DESCRIPTION OF THE TASK
Copy the data verbatim and leave out every picture.

DATASET EXTRACT
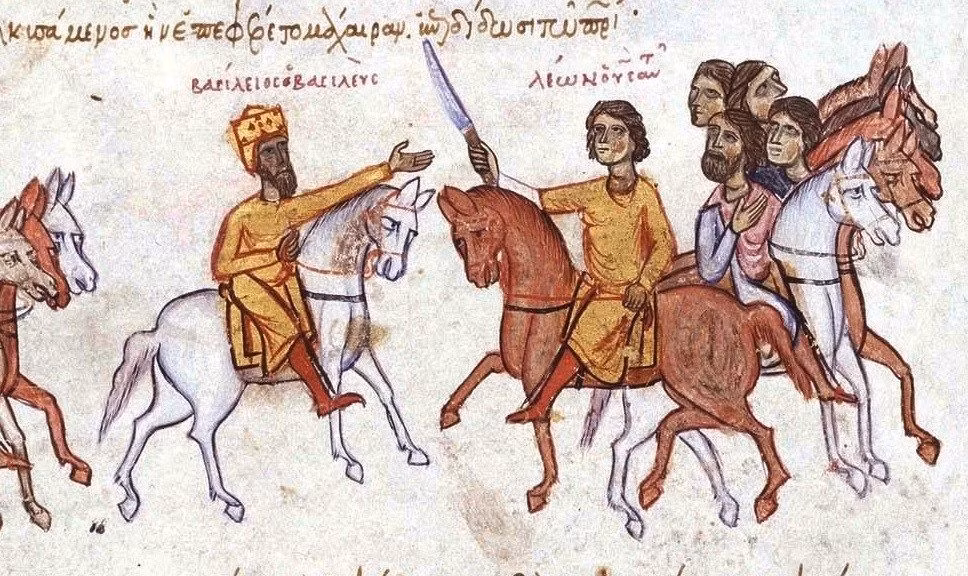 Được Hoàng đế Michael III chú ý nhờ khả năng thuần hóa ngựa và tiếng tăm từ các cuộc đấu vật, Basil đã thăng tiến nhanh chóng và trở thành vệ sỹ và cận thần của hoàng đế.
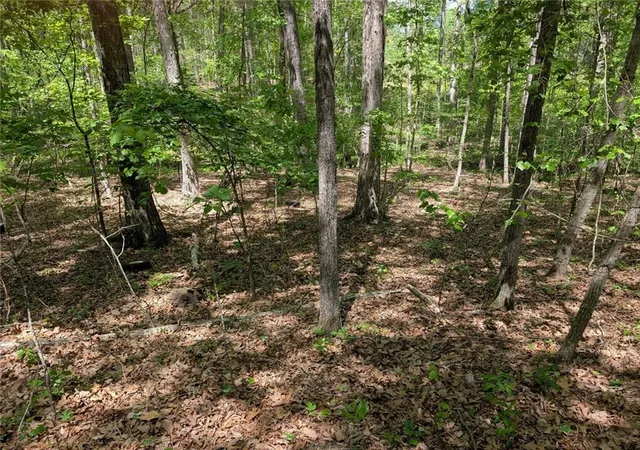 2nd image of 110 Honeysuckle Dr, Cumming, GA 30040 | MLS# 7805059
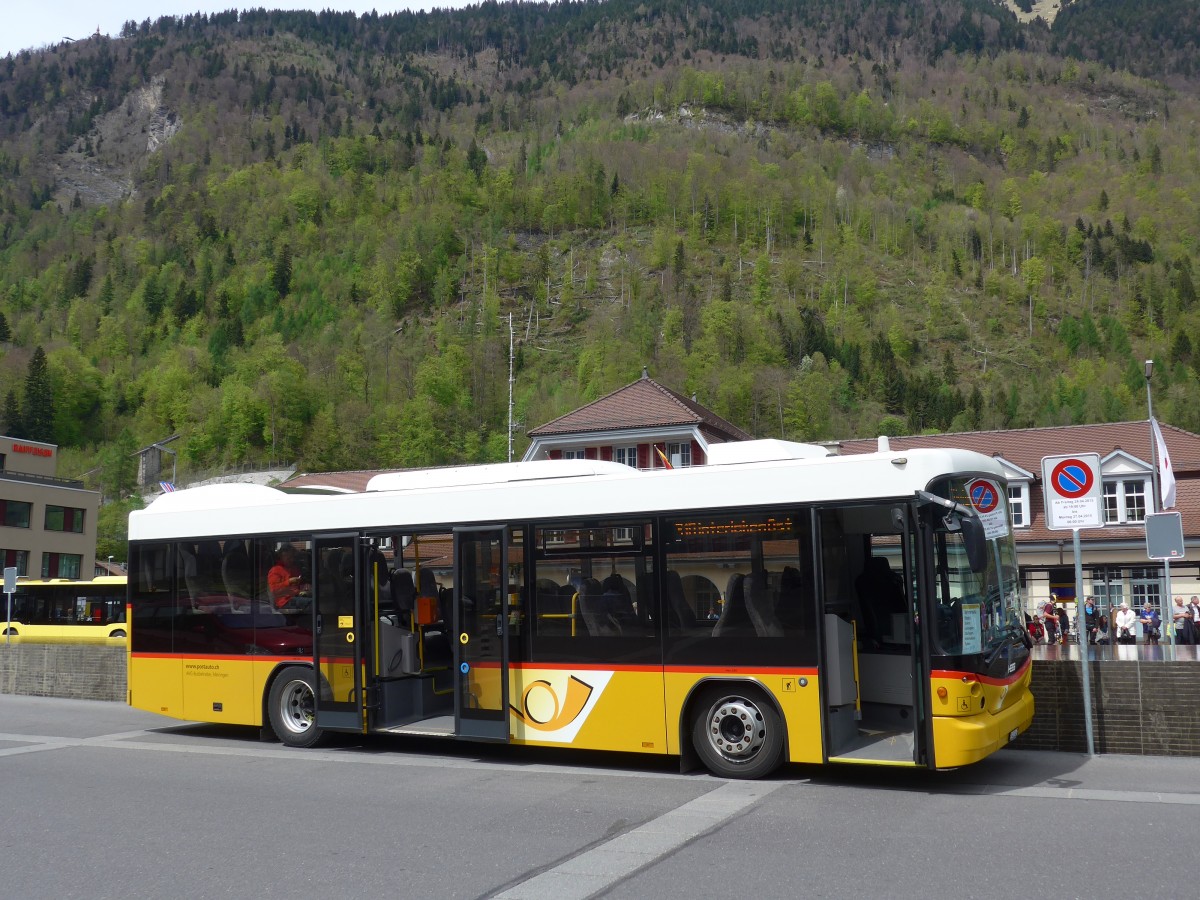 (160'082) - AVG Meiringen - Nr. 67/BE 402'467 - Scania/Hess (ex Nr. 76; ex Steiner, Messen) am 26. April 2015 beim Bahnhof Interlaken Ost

YOUR RESPONSE
 Được Hoàng đế Michael III chú ý nhờ khả năng thuần hóa ngựa và tiếng tăm từ các cuộc đấu vật, Basil đã thăng tiến nhanh chóng và trở thành vệ sỹ và cận thần của hoàng đế.
 2nd image of 110 Honeysuckle Dr, Cumming, GA 30040 | MLS# 7805059
 (160'082) - AVG Meiringen - Nr. 67/BE 402'467 - Scania/Hess (ex Nr. 76; ex Steiner, Messen) am 26. April 2015 beim Bahnhof Interlaken Ost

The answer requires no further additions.